Photo Information

SAQLAWIYAH, Iraq - Seaman Clarence Washington, a corpsman with 4th Platoon, Company A, 1st Battalion, 6th Marine Regiment, treats an Iraqi citizen's eye infection while patrolling the city streets alongside his Marines here July 27. The 26-year-old Caruthersville, Mo. native is one of several 'docs' who live and work alongside the infantrymen here, administering first aid in combat and treating acute illnesses.

Photo by Cpl Mike Escobar

Missouri corpsman stares down war’s ugly face to heal others

7 Aug 2005 | Cpl. Mike Escobar

The soft, even tone of his voice, and the caring, soulful look in Seaman Clarence Washington’s eyes belie the atrocities this 26-year-old sailor has witnessed during his past four months in Iraq.

The carnage of war touches every service member here somehow, but in this Caruthersville, Mo., native’s case; it is he who touches that carnage back.

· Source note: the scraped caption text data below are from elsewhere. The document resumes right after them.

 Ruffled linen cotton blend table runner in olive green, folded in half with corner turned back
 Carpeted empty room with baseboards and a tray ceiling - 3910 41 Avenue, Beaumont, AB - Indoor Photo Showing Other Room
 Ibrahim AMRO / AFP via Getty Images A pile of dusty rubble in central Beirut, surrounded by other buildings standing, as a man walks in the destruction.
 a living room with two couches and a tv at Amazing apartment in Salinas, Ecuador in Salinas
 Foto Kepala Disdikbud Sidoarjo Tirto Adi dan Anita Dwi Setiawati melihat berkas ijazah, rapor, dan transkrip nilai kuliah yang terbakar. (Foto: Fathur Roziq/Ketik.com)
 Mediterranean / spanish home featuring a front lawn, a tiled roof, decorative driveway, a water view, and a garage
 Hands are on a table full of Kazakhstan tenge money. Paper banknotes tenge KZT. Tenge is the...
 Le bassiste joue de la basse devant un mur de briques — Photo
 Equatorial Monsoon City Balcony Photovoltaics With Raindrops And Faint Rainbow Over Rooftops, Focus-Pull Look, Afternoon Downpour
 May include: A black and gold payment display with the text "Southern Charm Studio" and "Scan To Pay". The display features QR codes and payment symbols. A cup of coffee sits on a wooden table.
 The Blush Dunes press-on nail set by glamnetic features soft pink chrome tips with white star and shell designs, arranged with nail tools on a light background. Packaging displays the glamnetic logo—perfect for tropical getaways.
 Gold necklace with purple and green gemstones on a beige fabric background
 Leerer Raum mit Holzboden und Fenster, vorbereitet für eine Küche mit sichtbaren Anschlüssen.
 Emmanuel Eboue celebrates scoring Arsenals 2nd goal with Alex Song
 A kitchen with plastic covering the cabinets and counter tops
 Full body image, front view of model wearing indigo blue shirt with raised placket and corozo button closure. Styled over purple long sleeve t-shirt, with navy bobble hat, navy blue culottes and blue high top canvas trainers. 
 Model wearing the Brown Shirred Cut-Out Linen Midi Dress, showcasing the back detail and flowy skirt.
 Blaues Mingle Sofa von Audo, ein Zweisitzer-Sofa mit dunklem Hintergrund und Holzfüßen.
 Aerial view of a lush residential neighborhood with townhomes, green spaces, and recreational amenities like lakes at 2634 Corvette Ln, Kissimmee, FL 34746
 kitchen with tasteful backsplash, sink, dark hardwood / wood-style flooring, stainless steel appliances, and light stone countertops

Washington, a Caruthersville, Mo., native serves as a corpsman with Company A, 1st Battalion, 6th Marine Regiment, a unit currently working beside Iraqi Security Forces to secure the rural township of Saqlawiyah on the outskirts of Fallujah. In these village streets and fields, the young sailor has left behind parts of his soul.

“I’ll never forget the events on June 10,” said Washington, a former volunteer at St. Mary’s Hospital in Jefferson City. “I’ll never forget having to take their bodies out of the vehicle. It’s something I still see in my mind everyday.”

That sweltering late-spring day, Lance Cpls. Mario Castillo and Andrew Kilpela were killed by an insurgent-emplaced roadside bomb. These engineers were supporting Washington’s unit by erecting signs along the road, warning the populace to beware of these bombs. It was Washington and a group of his Marines who were called upon to react to the explosion.

“They had told me there were two possible (Marines killed in action), but I didn’t really believe anybody was actually dead,” Washington said. “They told me to take body bags just in case.”

“When I got there, I saw the destroyed vehicle,” continued Washington as he cast his eyes down in solemn remembrance. “I walked to it, thinking to myself, ‘I have to do this quickly, because I don’t want my Marines to see this.’”

The events that day opened Washington’s eyes to the realities of war, but no barbaric act of violence would deter him and his Marines’ resolve to fight the terrorists who had claimed their friends’ lives.

The troops continue conducting daily missions, raids and patrols to wrest the insurgents’ grip off Saqlawiyah.

Washington, who is also a former University of Tennessee student of social work, hikes and walks the streets with the best of them.

“My job out here is to look out for my Marines, and provide them with an adequate amount of care,” he explained. “I deal with first aid, preventive medicine and hygiene concerns.”

“Sometimes, this job is kind of like being a (parent),” Washington said with a slight smile. “The Marines might not always listen to me, but when they have some problem they don’t want to discuss in front of their friends, they come to me.”

More than three years of naval service remain on Washington’s contract, during which he will continue pondering what career possibilities his future holds.

“I plan to re-enlist if I get to attend (Basic) X-Ray technician school,” he stated. “If not, I’ll probably go back to school to be a nurse’s assistant. I’ve already gotten plenty of medical experience in the military.”

The mission at hand remains foremost on Washington’s mind for now, as he enjoys the rough work to which he dutifully devotes himself.

“Being a corpsman is everything I’ve always liked doing, wrapped into one package: medicine, psychology, and counseling,” he said. “I believe this to be one of the most rewarding experiences ever. There are lots of things I wish I hadn’t seen out here, but they’ve helped me mature. I can hold my head high, stick my chest out, and say that I’ve done something special with my life.”